Sure Start acknowledged the importance of early years development. What goes on in the first three years of your life is critical and affects the chances you have later in life. Of course a child who is read to, engaged with and parented without harsh punishment is going to get a better start in life than one who is plonked in front of a screen by a depressed, distant, stressed parent who doesn’t know that screaming into a two-year-old’s face isn’t going to make them behave better.

Rather than vilify and judge parents like this, the Sure Start team would steer parents into praising children, giving them incentives, instilling consistency. Unless they are dreadful people who are willfully abusive, parents want the best for their children and some go about that in the absolute wrong way – so the parenting programmes Sure Start led were an enormous help. I saw it work.

In the case of some parents, this support was vital for their mental health – and of course their children benefited. Other parents, like me, came for the free biscuits, but stayed because the environment was enriching for us and our children. I saw social divides being bridged through these centres which were in pram-pushing distance.

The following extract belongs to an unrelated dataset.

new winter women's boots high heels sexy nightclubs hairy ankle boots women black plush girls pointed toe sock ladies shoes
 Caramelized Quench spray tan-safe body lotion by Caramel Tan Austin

Since 2009, though, cuts to social services means that the government has tiptoed around and quietly closed 1,000 Sure Start centres. They’ve shut down the chance of a free support network which considerably enhances the lives of preschool children. That also means shutting down the chance to spot early signs of neglect and abuse and giving support to struggling parents.

I wasn’t surprised this week when Ofsted head Amanda Spielman warned that the number of four-year-olds starting reception class who are unable to dress themselves, wash or speak properly is rising. It’s unclear whether many of those children who don’t have enough of a vocabulary when starting school lag behind because English is not spoken at home. Those children very soon become bilingual, which is only ever a marvellous thing. (I learned English in about two seconds once I started school. Children are brilliant linguists.) But for others, it seems they simply don’t have words because no one has spoken to them much.

Spielman’s findings are of course worrying, and you don’t have to be a genius to consider that Sure Start closures might have something to do with the fact that some children are not keeping up with their peers. We were not meant to parent in isolation but some do and, quite frankly, don’t do it properly. That’s why they need help.

What Spielman flagged up hasn’t appeared from nowhere. People haven’t suddenly changed and decided they are going to stop teaching their children to say “please” and “thank you” and wiping their own bottoms. There are people in society who need help with all that from the very start, and we are seeing what happens when we take community support away from those who need it the most.